38

AT THE DECIDEDLY UNDIPLOMATIC HOUR of nine a.m., Ambassador Harriman knocked on the door of the president’s bedroom in the American legation. He needed to report on the emergency meeting to which he’d been summoned from his warm bed in the middle of the night by the Soviet foreign minister. He had received a warning. And a threat.

The warning, as relayed by Harriman, was succinct: “The risk of assassination of Mr. Churchill and Marshal Stalin while coming to visit President Roosevelt was very real.”

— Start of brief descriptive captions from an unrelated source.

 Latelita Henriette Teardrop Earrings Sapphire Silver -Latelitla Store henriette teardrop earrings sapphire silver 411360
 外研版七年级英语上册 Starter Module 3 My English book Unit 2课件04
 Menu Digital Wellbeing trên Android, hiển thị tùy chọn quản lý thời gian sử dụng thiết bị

And the threat was no less ominous: “We would be responsible for any injury that Marshal Stalin might suffer in driving through the town to consult with President Roosevelt.” And by “injury,” Harriman explained helpfully, in case the president had missed the point, Molotov meant “assassination.”

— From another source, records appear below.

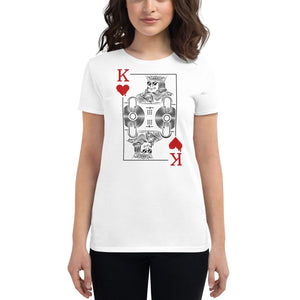 Dj King Women's Fitted T-Shirt | Techno Outfit
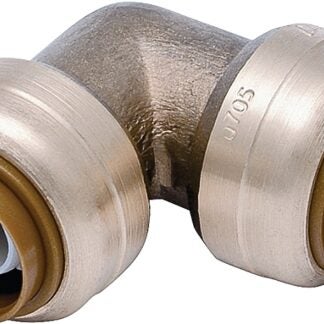 SharkBite U260LFA Tube Elbow, 1 in, 90 deg Angle, Brass, 200 psi Pressure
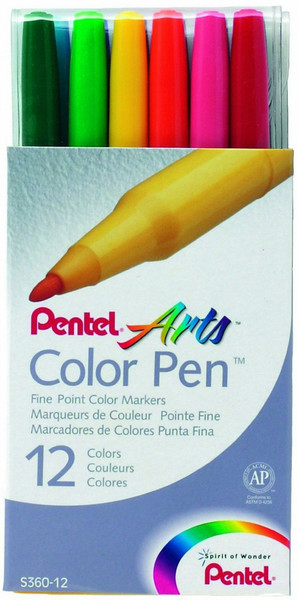 Pentel S360-12 Multicolour felt pen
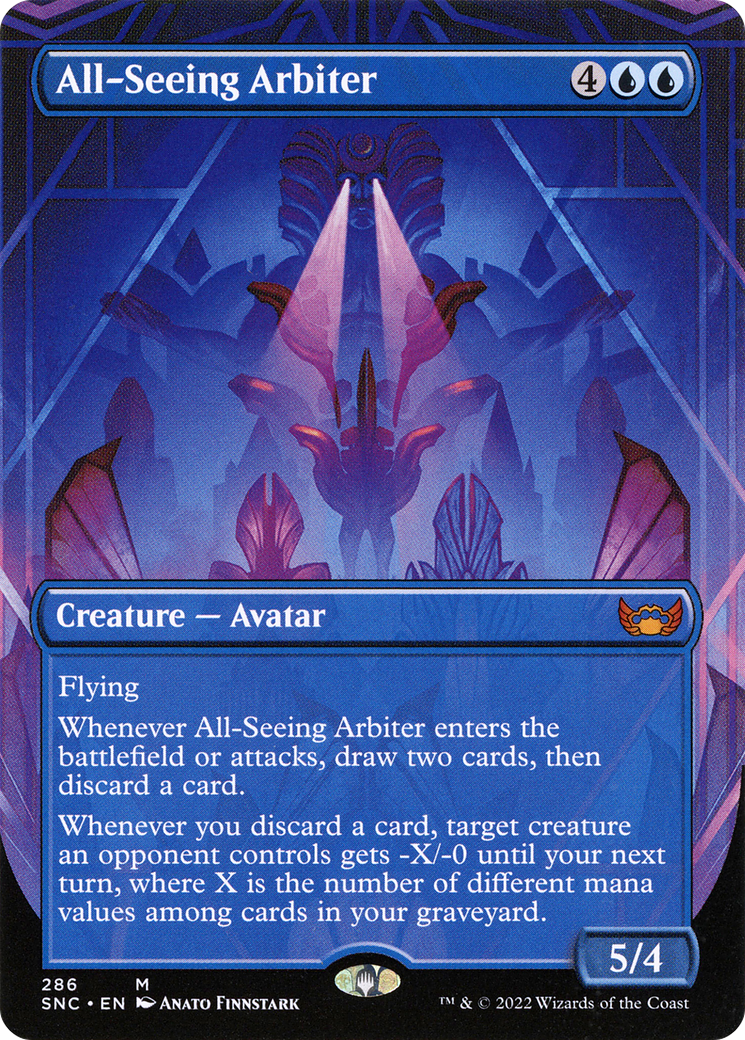 All-Seeing Arbiter (Borderless Alternate Art) [Streets of New Capenna] | Silver Goblin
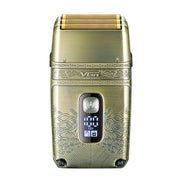 VGR V-335 Retro Digital Display IPX6 Electric Shaver(Gold)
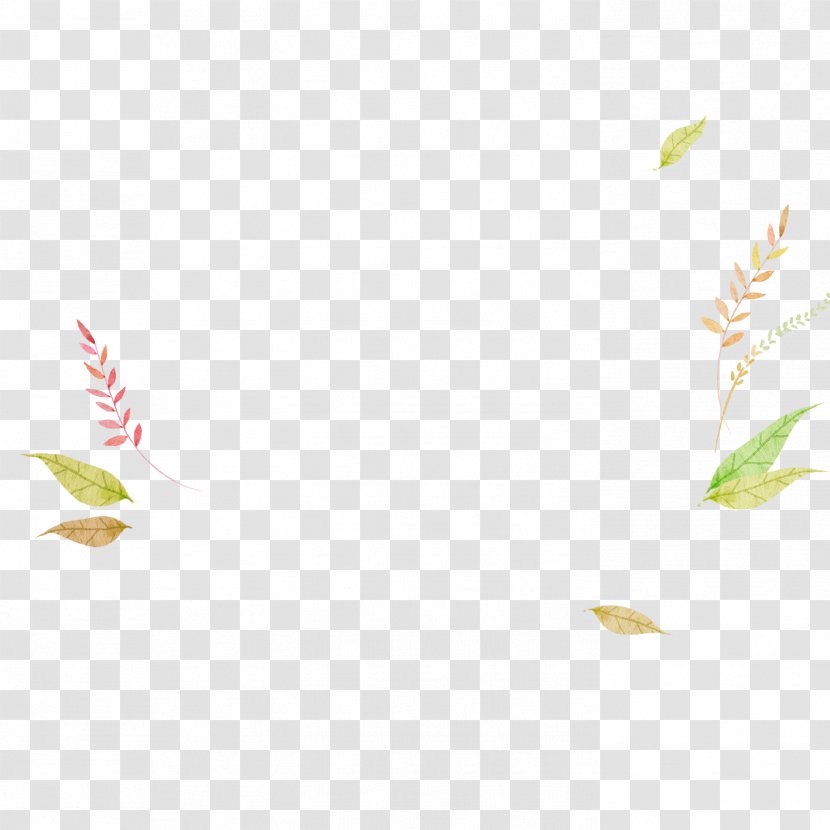 Yellow Petal Angle Pattern - Leaves Transparent PNG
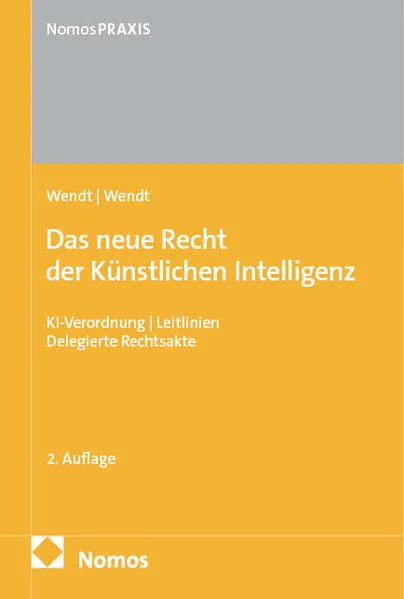 Cover: Das neue Recht der Künstlichen Intelligenz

The foreign minister, however, had not just thrown thunderbolts. Without so much as a smirk of vindication, he’d also offered a suggestion—which happened to be identical to one he’d previously made. He reiterated the Soviet invitation for the president to stay in their embassy. Only now, the rationale for the move was no longer for convenience’s sake; with Nazi assassins on the loose, it was a necessary precaution. “It would bring the three Heads of State,” said Harriman, relaying the Russian’s logic, “so close together that there would be no need for any of them to drive about town.”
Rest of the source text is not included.